There is tremendous variation in ecology in how ANOVAs are interpreted, and in terms of whether model selection is used. This post, which represents the first attempt Brian, Jeremy, and I make at a joint post, is aimed at exploring that variation, and, when possible, making recommendations for best practices.
To lay out some background: simply reading the literature or attending one afternoon’s worth of talks at ESA will reveal that there is substantial variation in statistical practices, even for something as seemingly basic as an ANOVA. Here, we’ll focus first on the question of how interaction terms should be interpreted. That is, do you interpret main effects first? Not at all if the interaction is significant? Something else? Then, we’ll address a second issue: should model selection be used? That is, should you drop non-significant terms from the model and then refit the model?

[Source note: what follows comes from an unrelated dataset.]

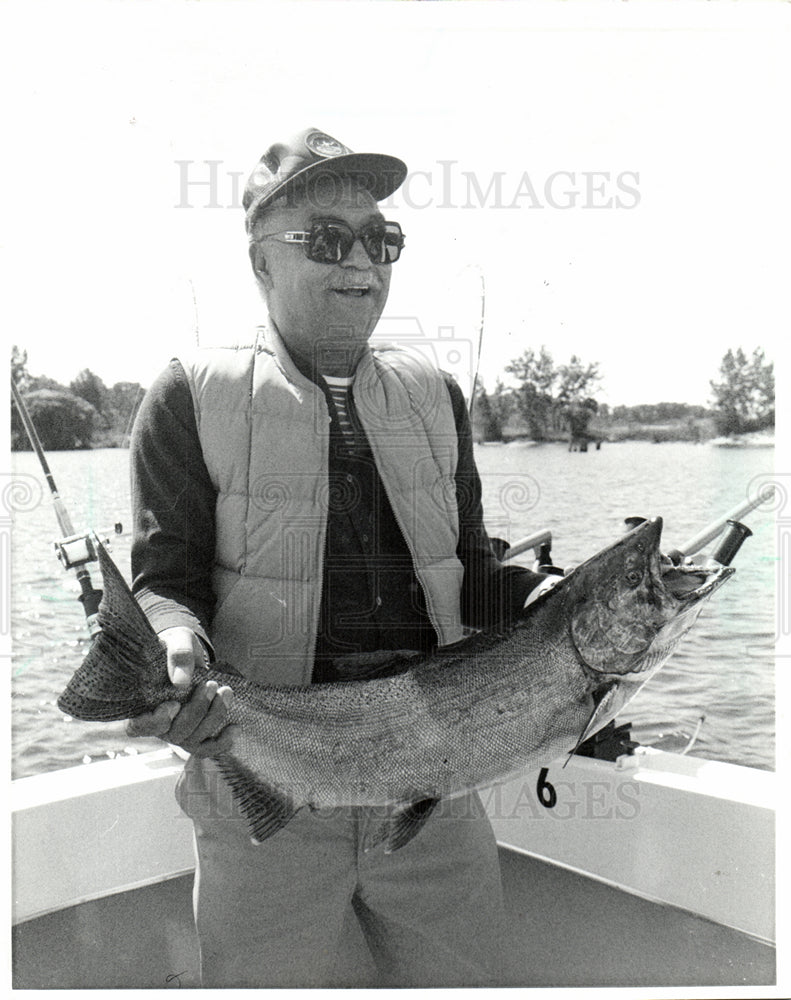 1986 Mayor young caught fish in muskegon-Historic Images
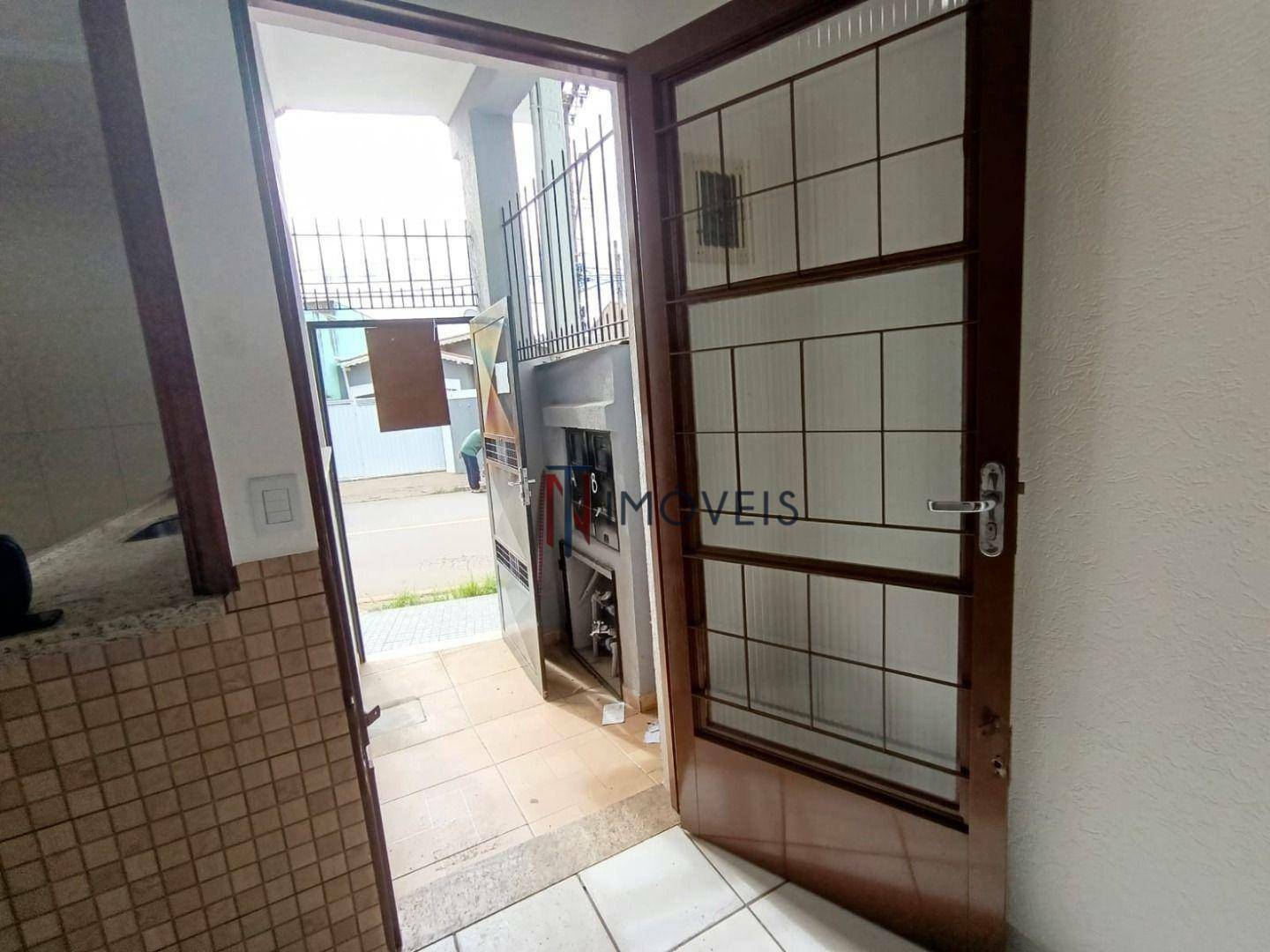 Casa para alugar com 2 quartos, 60M2 - Foto 6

As a grad student, I was taught that, if the interaction effect is significant, you stop interpreting there (that is, don’t interpret the main effects if there’s a significant interaction). This is supported by Sokal & Rohlf, who say (page 336, Biometry, 3rd edition),
In the artificial example the effects of the two factors (main effects) are not significant in any case. However, many statisticians would not even test them after finding the interaction mean square to be significant, since in such a case an overall statement for each factor would have little meaning, (e.g. Kempthorne, 1975).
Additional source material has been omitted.